YOUR ASSIGNMENT — Among the entries that follow, locate the line with "1/8 Chevrolet Corvette" and the line with "085-1894 by BECK". Output those lines and all lines in between, exactly, minus the pictures.

=== DATASET EXCERPTS ===

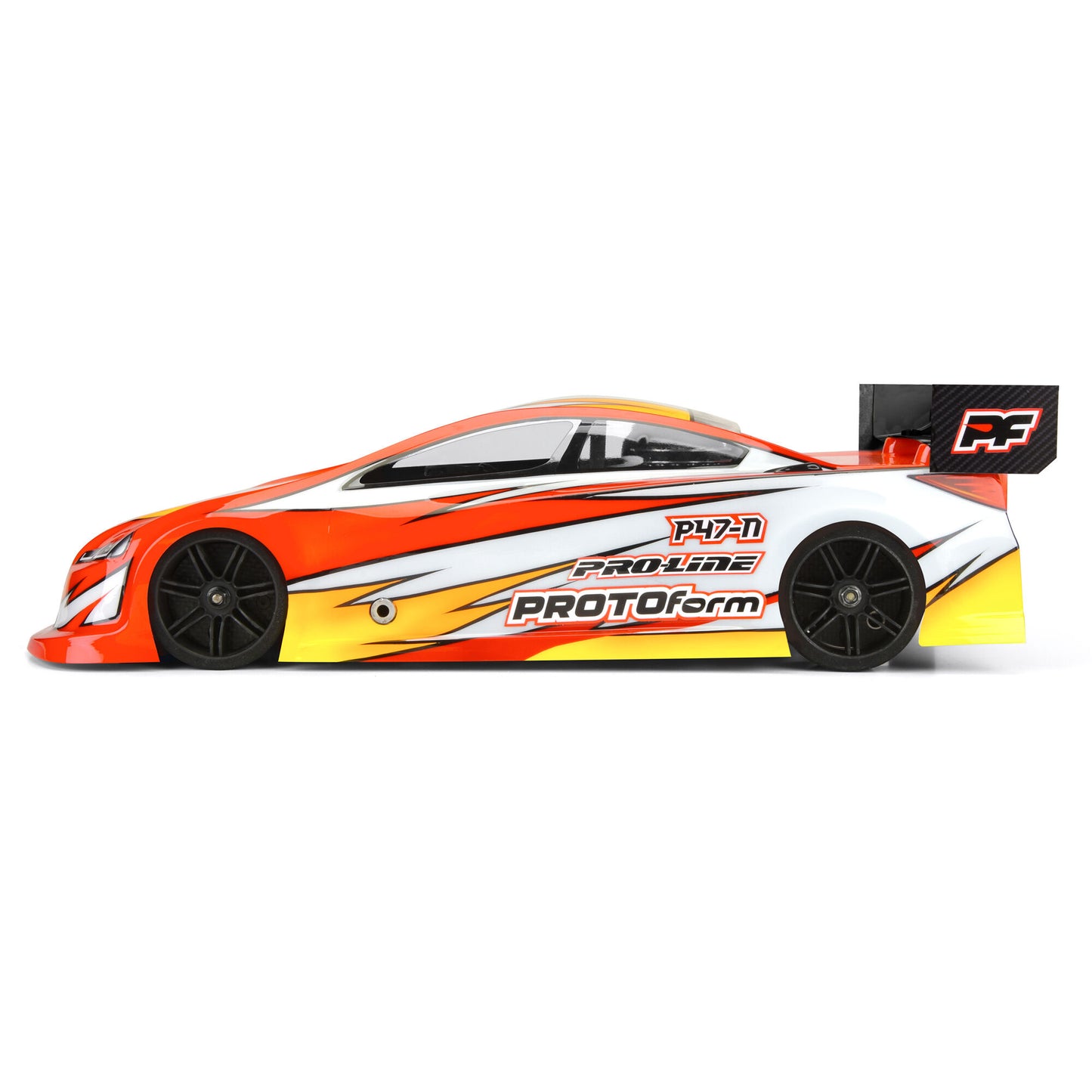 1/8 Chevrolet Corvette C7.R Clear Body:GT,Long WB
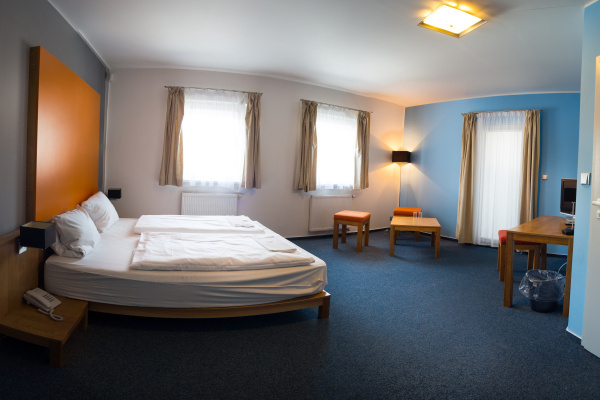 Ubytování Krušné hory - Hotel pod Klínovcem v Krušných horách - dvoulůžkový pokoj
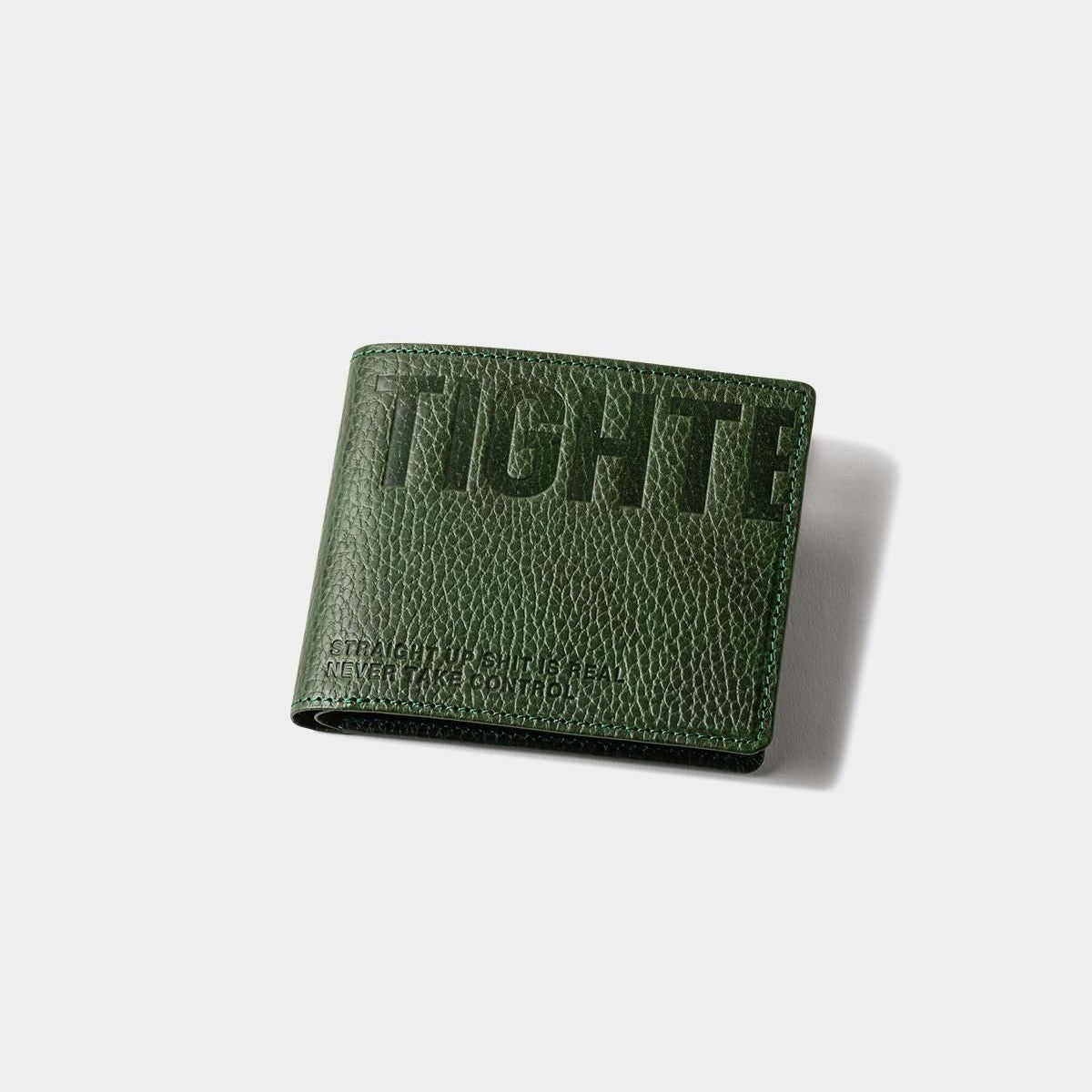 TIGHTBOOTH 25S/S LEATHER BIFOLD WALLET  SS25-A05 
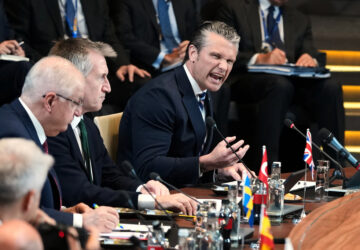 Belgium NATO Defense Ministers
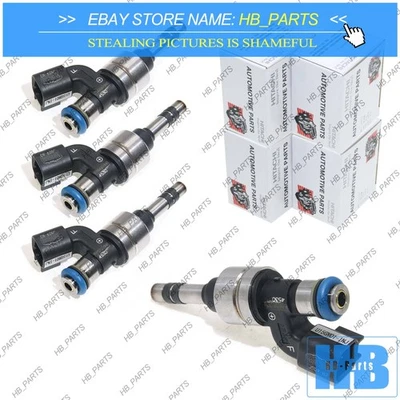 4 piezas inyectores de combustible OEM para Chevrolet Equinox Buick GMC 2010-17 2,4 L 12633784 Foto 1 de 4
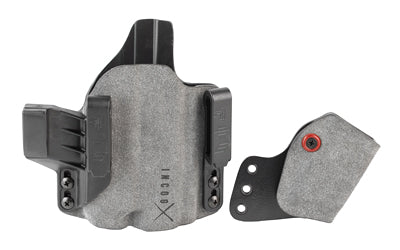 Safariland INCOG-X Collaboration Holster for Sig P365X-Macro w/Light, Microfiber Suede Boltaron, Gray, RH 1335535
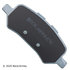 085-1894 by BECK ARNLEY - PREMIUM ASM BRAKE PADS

===
=== DATASET EXCERPTS ===

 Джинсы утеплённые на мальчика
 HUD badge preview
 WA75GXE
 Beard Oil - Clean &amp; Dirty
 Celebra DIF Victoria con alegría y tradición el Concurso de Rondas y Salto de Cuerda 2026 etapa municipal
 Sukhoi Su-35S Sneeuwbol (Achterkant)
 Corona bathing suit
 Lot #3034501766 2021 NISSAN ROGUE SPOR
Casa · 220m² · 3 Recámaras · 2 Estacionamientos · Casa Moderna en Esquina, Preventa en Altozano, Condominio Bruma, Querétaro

===
=== DATASET EXCERPTS ===

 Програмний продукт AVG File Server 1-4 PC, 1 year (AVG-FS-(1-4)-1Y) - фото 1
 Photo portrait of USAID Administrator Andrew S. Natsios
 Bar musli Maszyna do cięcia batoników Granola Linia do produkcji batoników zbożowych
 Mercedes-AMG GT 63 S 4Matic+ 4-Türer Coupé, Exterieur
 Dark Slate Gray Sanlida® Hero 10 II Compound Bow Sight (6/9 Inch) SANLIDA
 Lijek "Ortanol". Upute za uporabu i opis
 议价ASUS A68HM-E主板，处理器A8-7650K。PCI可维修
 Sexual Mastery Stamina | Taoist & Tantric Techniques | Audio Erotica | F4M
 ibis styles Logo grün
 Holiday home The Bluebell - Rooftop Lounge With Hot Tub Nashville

===

EXERCISE OUTPUT —
 1/8 Chevrolet Corvette C7.R Clear Body:GT,Long WB
 Ubytování Krušné hory - Hotel pod Klínovcem v Krušných horách - dvoulůžkový pokoj
 TIGHTBOOTH 25S/S LEATHER BIFOLD WALLET  SS25-A05 
 Belgium NATO Defense Ministers
 4 piezas inyectores de combustible OEM para Chevrolet Equinox Buick GMC 2010-17 2,4 L 12633784 Foto 1 de 4
 Safariland INCOG-X Collaboration Holster for Sig P365X-Macro w/Light, Microfiber Suede Boltaron, Gray, RH 1335535
 085-1894 by BECK ARNLEY - PREMIUM ASM BRAKE PADS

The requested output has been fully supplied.